The provisions relating to Tax Collection at Source on remittance under the ‘Liberalised Remittance Scheme’ and payment for overseas tour program package have been rationalised.
- Solarization Scheme
Through roof-top solarize pannels, 10 million households will be enabled to obtain up to 300 units of free electricity every month. This scheme follows the resolve of the Prime Minister on the historic day of the consecration of Shri Ram Mandir in Ayodhya, said FM Nirmala Sitharaman.
- GST
On the GST front, continuing its focus to encourage voluntary compliances / registrations, input Service Distributor mechanism has been made mandatory for distribution of input tax credit, and penalty provisions are proposed to be introduced for failure to register certain machines used in manufacture of specified tobacco-based goods.

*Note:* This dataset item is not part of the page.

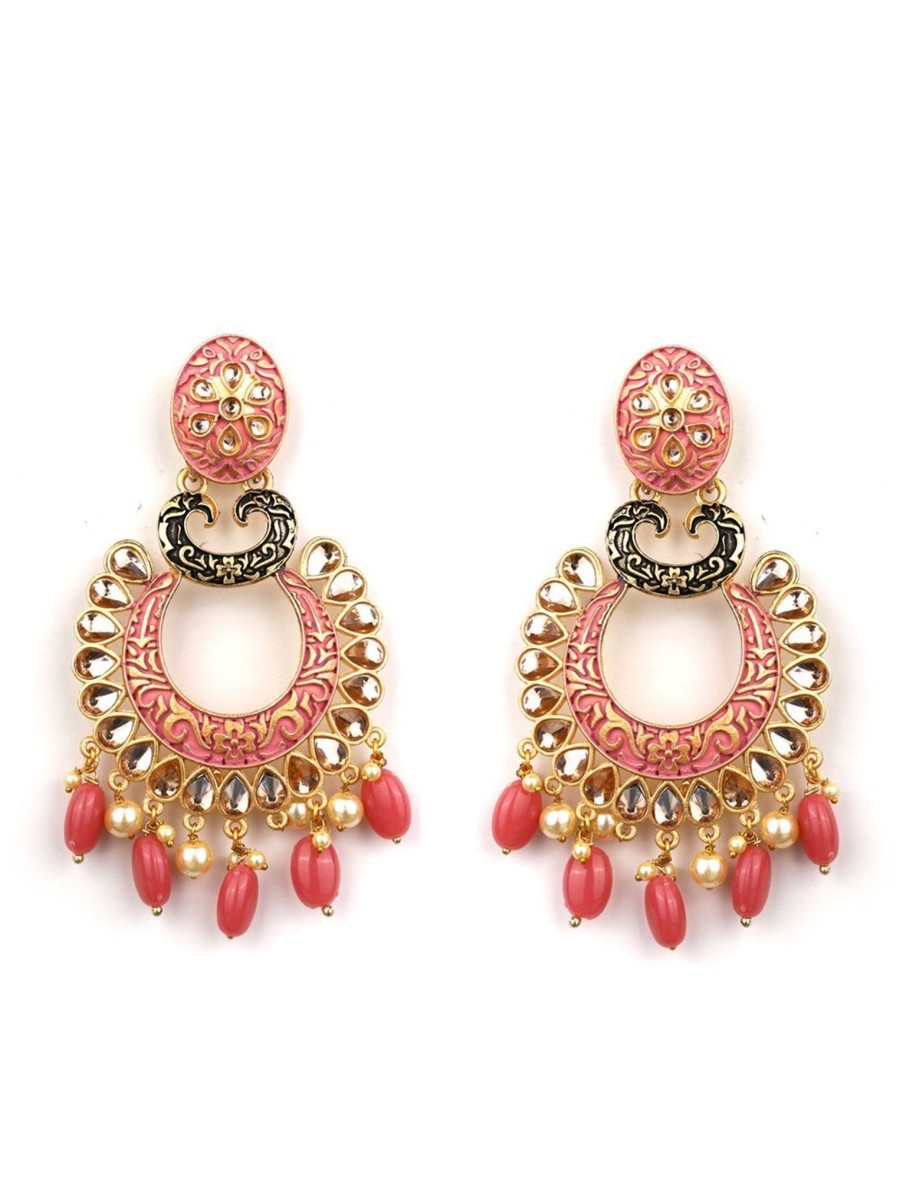 Jewellery Priyaasi | Women'S Kundan Studded Beaded Meenakari Earring - Priyaasi Pink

10 Income Tax is biggest income generator
Traditionally, the biggest chunk in the government’s financial resources comes from market borrowings. Among the genuine income generators, it is the indirect taxes and the corporate tax that provide the most money. But budget estimates for the next financial years show that income tax collections will be the top contributor (after borrowings).
The Budget documents suggest that income tax revenues will account for 19% of all government resources in FY25. Corporate tax will account for 17%, GST for 18% and borrowings for 28%.
All in all, the Interim Union Budget 2024 sets a positive tone, with its focus on infrastructure development, research and development, skill development, and sustainable initiatives.